# INFORMATION PROVIDED:
□ □ □ □ □
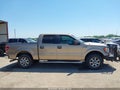 Photo 13 of 16 — 2013 Ford F-150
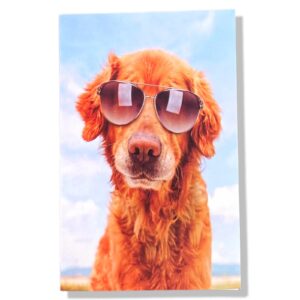 10 Wenskaarten Blanco dieren | 11x17cm | incl. Envelop | BL3.1.5
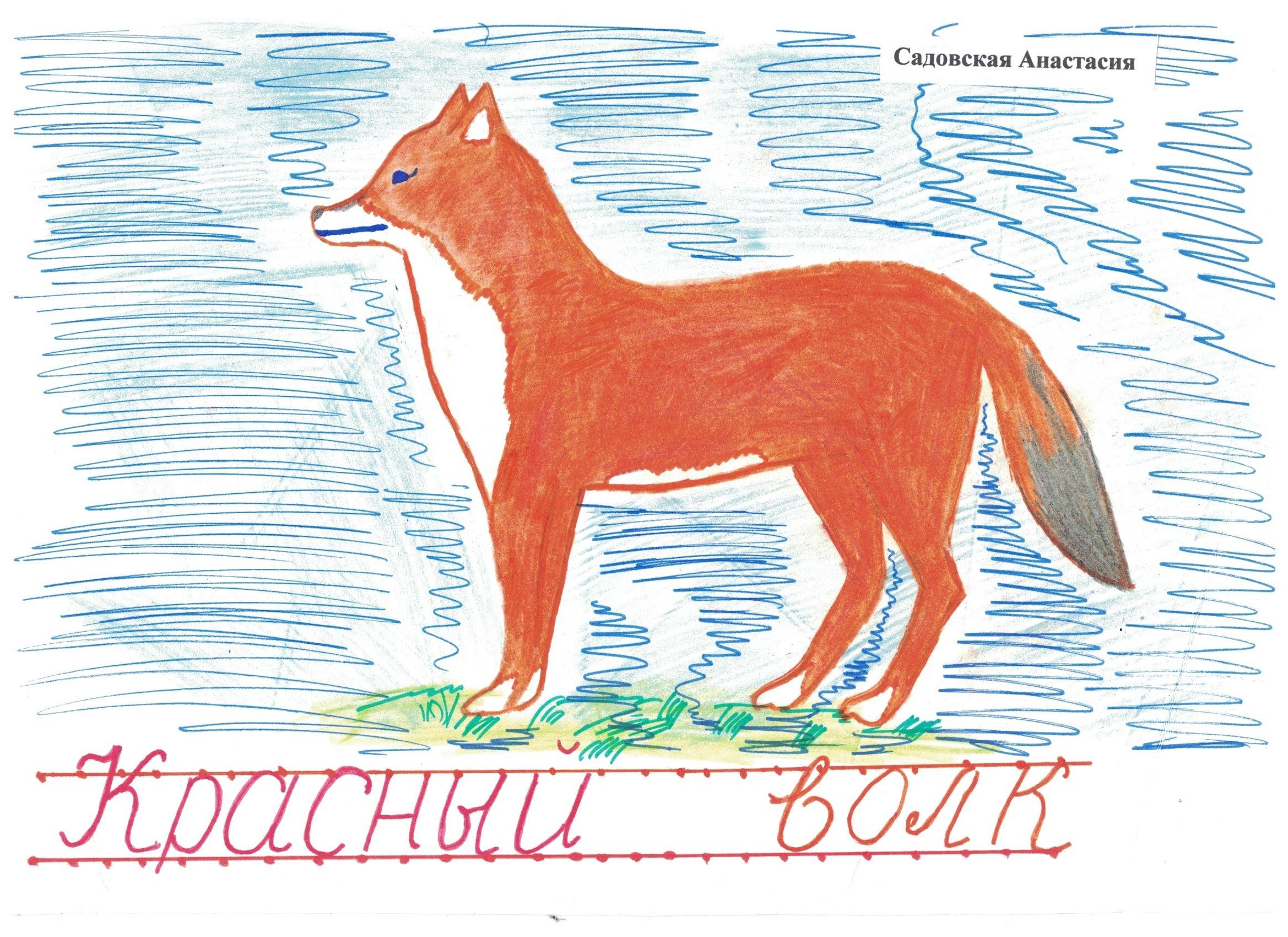 Рисунок на тему животные красной книги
□ □ □ □ □
With the pictures removed, write out exactly the lines from the line containing "10 Wenskaarten Blanco" through the last line of the material above, both included.

 10 Wenskaarten Blanco dieren | 11x17cm | incl. Envelop | BL3.1.5
 Рисунок на тему животные красной книги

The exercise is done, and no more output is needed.